Only this layers will be trained 

In [None]:

model=base_model.output

model=Dense(512, activation='relu')(model)
model= GlobalAveragePooling2D()(model)
model=Dropout(rate=0.5)(model)
model=Dense(2, activation='softmax')(model)
model=Model(inputs=base_model.inputs, outputs=model)


# Compiling the model

In [None]:
model.compile(loss='categorical_crossentropy', optimizer='adam', metrics=['accuracy'])

In [None]:
model.summary()

In [None]:
from sklearn.model_selection import train_test_split
from tqdm import tqdm
import cv2
from sklearn.utils import shuffle

In [None]:
df["category"] = df["category"].replace({0: 'cat', 1: 'dog'})

# Split the dataset

In [None]:
train_df, validate_df = train_test_split(df, test_size=0.20, random_state=42)
train_df = train_df.reset_index(drop=True)
validate_df = validate_df.reset_index(drop=True)

In [None]:
total_train = train_df.shape[0]
total_validate = validate_df.shape[0]
batch_size=4

# Preparing data for fed the model

In [None]:
train_datagen=ImageDataGenerator(
    rescale=1/255
)


train_generator=train_datagen.flow_from_dataframe(train_df,
                                                      './train',
                                                      x_col='filename', 
                                                      y_col='category',
                                                      weight_col=None,
                                                      target_size=(128, 128),
                                                      class_mode='categorical', 
                                                      batch_size=batch_size,
                                                      
                                                      
                                                     )
                                                 
                                                 

In [None]:
validation_datagen = ImageDataGenerator(rescale=1./255)
validation_generator = validation_datagen.flow_from_dataframe(
    validate_df, 
    "./train", 
    x_col='filename',
    y_col='category',
    target_size=(128,128),
    class_mode='categorical',
    batch_size=batch_size
)

In [None]:
from keras.callbacks import EarlyStopping, ReduceLROnPlateau

# Callbacks:

A callback is an object that can perform actions at various stages of training (e.g. at the start or end of an epoch, before or after a single batch, etc).
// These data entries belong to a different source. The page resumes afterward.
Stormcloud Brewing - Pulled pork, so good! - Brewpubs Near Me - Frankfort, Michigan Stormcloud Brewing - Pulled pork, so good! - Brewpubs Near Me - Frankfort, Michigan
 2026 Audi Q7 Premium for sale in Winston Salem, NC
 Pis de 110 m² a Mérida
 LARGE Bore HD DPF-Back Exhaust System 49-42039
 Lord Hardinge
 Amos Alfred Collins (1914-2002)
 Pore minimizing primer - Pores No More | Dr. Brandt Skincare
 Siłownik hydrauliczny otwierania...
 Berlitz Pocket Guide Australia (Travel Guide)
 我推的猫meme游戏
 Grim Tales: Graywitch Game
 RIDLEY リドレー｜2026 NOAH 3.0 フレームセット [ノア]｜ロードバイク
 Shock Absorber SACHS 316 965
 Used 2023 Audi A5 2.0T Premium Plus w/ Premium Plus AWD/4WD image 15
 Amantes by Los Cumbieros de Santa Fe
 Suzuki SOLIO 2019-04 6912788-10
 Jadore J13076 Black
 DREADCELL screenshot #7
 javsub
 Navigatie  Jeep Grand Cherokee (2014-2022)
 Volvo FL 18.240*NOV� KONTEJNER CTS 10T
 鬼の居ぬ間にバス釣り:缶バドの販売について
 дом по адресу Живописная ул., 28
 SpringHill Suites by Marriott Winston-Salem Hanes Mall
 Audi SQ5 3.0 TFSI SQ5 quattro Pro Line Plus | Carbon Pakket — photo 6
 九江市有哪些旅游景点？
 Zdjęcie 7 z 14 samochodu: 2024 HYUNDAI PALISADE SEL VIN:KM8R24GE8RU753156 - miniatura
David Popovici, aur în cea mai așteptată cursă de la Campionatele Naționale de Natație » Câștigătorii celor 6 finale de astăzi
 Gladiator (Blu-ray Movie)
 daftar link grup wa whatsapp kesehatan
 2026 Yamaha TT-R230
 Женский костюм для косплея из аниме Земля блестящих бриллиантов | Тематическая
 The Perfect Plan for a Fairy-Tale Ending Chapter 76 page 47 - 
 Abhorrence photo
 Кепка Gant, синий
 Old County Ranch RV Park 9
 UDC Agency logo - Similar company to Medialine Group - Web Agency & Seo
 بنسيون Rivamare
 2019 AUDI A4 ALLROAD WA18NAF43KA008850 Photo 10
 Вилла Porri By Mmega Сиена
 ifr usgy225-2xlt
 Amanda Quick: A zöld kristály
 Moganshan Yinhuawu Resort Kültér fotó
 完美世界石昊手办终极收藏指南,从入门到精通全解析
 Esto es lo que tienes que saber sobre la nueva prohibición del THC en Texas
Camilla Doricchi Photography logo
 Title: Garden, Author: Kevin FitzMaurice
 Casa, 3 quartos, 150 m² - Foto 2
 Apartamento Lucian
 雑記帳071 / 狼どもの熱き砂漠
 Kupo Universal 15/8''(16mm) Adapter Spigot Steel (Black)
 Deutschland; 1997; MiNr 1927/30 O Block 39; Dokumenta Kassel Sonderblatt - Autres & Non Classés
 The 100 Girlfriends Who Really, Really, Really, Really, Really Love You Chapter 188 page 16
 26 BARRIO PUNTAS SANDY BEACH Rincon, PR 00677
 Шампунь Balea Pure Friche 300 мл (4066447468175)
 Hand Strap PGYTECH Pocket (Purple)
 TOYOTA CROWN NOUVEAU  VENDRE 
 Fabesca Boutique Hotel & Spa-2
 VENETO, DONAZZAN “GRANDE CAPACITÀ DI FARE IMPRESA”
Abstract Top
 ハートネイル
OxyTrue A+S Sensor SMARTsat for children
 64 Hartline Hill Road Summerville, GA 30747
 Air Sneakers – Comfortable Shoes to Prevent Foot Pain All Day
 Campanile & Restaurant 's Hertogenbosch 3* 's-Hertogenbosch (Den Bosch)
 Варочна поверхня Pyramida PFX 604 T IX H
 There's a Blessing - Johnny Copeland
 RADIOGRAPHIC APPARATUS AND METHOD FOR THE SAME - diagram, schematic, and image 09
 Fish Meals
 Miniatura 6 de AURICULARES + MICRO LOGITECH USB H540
You can use callbacks to: Write TensorBoard logs after every batch of training to monitor your metrics. Periodically save your model to disk.

In [None]:
earlystop = EarlyStopping(patience=10)
learning_rate_reduction = ReduceLROnPlateau(monitor='val_acc', 
                                            patience=2, 
                                            verbose=1, 
                                            factor=0.5, 
                                            min_lr=0.00001)
callbacks = [earlystop, learning_rate_reduction]

In [None]:
history = model.fit_generator(
    train_generator, 
    epochs=12,
    validation_data=validation_generator,
    validation_steps=total_validate//batch_size,
    steps_per_epoch=total_train//batch_size,
    callbacks=callbacks,
    verbose=1
)

 Got a reasonable accuracy for both train and test datasets.If i only used the CNN model then ,it would be quite imposible to get this type accuracy.